Using QuestDB to collect infrastructure metrics

Originally posted on the QuestDB Blog

Introduction

One of my favorite things about QuestDB is the ability to write queries in SQL against a high-performance time series database. Since I've been using SQL as my primary query language for basically my entire professional career, it feels natural for me to interact with data using SQL instead of other newer proprietary query languages. Combined with QuestDB's custom SQL extensions, its built-in SQL support makes writing complex queries a breeze.

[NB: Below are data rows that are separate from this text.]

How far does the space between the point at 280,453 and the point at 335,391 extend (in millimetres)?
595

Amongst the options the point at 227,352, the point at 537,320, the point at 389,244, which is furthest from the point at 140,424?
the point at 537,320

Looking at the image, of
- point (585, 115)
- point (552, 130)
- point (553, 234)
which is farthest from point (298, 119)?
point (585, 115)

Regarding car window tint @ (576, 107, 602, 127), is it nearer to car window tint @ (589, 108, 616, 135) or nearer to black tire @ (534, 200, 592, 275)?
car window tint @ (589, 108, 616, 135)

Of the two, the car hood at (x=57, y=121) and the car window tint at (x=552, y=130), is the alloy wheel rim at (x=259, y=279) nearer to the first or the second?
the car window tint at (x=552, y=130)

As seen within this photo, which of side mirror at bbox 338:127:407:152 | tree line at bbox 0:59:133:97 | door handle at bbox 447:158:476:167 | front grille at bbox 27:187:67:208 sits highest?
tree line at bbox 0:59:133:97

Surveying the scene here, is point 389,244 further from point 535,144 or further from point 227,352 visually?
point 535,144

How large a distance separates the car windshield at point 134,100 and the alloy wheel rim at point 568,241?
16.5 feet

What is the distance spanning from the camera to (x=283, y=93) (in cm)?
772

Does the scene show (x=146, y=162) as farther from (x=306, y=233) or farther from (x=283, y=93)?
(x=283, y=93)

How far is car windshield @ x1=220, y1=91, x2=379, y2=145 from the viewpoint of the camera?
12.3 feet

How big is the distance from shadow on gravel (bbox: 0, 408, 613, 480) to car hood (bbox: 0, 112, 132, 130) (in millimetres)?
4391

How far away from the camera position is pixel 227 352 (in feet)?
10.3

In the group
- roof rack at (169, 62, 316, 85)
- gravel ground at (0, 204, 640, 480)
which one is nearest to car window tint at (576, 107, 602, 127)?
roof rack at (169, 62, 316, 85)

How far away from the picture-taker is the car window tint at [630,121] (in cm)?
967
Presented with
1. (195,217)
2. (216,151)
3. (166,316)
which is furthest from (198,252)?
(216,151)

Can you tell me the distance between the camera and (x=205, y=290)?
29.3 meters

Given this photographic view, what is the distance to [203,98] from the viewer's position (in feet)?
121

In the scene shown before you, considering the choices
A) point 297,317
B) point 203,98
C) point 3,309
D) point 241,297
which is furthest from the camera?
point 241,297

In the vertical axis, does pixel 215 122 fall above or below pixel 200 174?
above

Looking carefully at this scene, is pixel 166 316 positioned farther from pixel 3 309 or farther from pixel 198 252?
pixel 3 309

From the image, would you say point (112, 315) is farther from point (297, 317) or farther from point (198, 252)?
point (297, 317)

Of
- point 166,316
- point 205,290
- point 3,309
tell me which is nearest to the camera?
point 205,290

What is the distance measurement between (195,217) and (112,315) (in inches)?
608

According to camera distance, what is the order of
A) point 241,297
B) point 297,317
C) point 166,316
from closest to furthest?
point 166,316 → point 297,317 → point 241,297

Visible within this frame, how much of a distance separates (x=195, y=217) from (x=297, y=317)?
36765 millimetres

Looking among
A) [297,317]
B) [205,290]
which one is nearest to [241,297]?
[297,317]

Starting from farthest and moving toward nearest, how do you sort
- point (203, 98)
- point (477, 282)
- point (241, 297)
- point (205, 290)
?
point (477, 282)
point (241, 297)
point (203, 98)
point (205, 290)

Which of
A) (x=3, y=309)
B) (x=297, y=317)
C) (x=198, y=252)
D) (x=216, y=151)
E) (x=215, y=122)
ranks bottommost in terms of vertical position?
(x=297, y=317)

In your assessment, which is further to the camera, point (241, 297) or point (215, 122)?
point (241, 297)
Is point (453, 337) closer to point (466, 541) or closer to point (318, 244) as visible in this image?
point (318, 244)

In my life as a Cloud Engineer, I deal with time series metrics all the time. Unfortunately, many of today's popular metrics databases don't support the SQL query language. As a result, I've become more dependent on pre-built dashboards, and it takes me longer to write my own queries with JOINs, transformations, and temporal aggregations.

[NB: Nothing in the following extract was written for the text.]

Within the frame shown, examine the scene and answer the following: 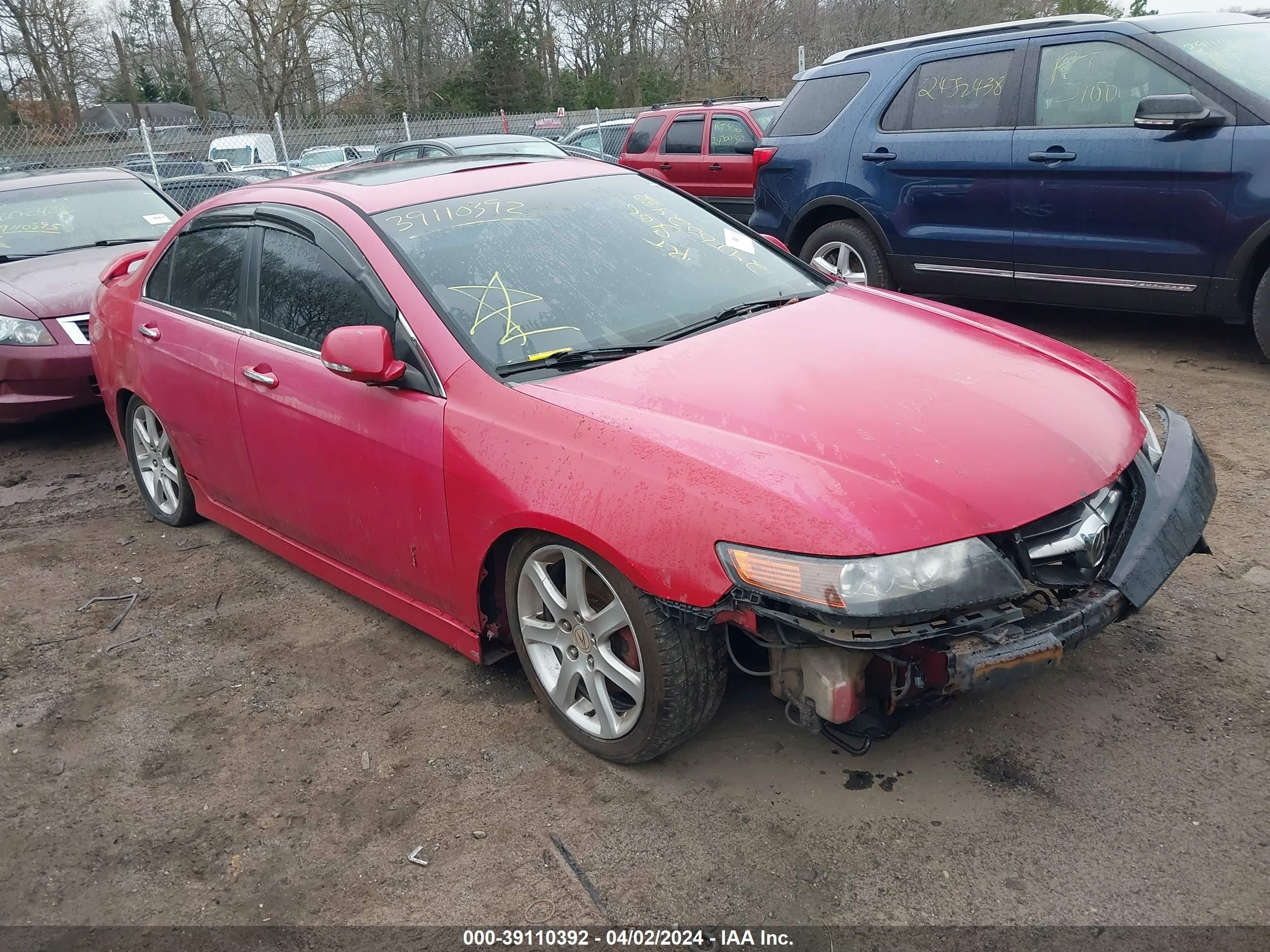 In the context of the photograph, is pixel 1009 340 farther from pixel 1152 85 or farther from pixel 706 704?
pixel 1152 85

QuestDB can be a great choice for ingesting application and infrastructure metrics, it just requires a little more work on the initial setup than the Kubernetes tooling du jour. Despite this extra upfront time investment (which is fairly minimal in the grand scheme of things), I think that the benefits of using QuestDB for infrastructure metrics are worth it. With QuestDB, you get industry-leading performance and the ability to interact with the database in the most commonly-used query language in existence. We're even using QuestDB to display customer database metrics in our own QuestDB Cloud!

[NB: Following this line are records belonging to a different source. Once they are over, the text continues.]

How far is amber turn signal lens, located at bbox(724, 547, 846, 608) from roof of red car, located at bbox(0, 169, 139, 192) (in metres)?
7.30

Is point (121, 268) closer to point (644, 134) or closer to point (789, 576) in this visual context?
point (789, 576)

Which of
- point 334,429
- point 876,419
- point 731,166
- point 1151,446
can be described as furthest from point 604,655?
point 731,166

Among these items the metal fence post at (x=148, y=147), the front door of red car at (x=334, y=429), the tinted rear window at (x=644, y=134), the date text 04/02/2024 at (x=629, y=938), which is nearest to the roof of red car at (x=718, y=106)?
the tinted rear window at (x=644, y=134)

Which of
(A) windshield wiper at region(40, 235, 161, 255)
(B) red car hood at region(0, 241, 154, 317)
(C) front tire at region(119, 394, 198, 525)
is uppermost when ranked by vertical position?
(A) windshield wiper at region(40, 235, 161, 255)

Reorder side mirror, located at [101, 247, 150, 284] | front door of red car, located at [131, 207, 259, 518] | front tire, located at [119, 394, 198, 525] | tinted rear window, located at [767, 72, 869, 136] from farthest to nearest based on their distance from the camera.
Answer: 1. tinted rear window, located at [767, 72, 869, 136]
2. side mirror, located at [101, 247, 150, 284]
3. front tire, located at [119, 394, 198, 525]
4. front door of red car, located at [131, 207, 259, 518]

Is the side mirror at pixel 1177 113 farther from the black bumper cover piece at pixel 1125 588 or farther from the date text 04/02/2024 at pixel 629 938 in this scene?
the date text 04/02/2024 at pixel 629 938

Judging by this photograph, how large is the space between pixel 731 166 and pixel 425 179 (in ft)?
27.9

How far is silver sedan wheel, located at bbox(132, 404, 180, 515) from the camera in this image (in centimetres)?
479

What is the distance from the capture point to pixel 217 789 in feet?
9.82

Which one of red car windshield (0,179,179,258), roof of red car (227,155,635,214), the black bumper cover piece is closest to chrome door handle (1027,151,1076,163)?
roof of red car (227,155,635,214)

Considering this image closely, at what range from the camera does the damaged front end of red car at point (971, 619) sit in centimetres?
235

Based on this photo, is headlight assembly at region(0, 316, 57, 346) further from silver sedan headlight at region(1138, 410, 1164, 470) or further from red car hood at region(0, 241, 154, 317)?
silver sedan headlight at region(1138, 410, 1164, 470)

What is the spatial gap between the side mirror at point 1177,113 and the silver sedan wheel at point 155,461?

In this article, I will demonstrate how we use QuestDB as the main component in this new feature. This should provide enough information for you to also use QuestDB for ingesting, storing, and querying infrastructure metrics in your own clusters.

Architecture

Prometheus is a common time series database that is already installed in many Kubernetes clusters. We will be leveraging its remote write functionality to pipe data into QuestDB for querying and storage. However, since Prometheus remote write does not support the QuestDB-recommended InfluxDB Line Protocol (ILP) as a serialization format, we need to use a proxy to translate Prometheus-formatted metrics into ILP messages. We will be use Influx Data's Telegraf as this translation component.

Now, with our data in QuestDB, we can use SQL to query our metrics using any one of the supported methods: the Web Console, PostgreSQL wire protocol, or HTTP REST API.

Here's a quick overview of the architecture:

Infrastructure diagram

Prometheus remote write

While Prometheus operates on an interval-based pull model, it also has the ability to push metrics to remote sources. This is known as "remote write" capability, and is easily configurable in a yaml file. Here's an example of a basic remote write configuration:

remoteWrite:
  - url: http://default.telegraf.svc:9999/write
    name: questdb-telegraf
    remote_timeout: 10s

This yaml will configure Prometheus to send samples to the specified url with a 10 second timeout. In this case, we will be forwarding our metrics on to telegraf, with a custom port and endpoint that we can specify in the telegraf config (see below for more details). There are also a variety of other remote write options, allowing users to customize timeouts, headers, authentication, and additional relabling configs before writing to the remote data store. All of the possible options can be found on the Prometheus website.

QuestDB ILP and Telegraf

Now that we have our remote write configured, we need to set up its destination. Installing telegraf into a cluster is straightforward, just helm install its Helm chart.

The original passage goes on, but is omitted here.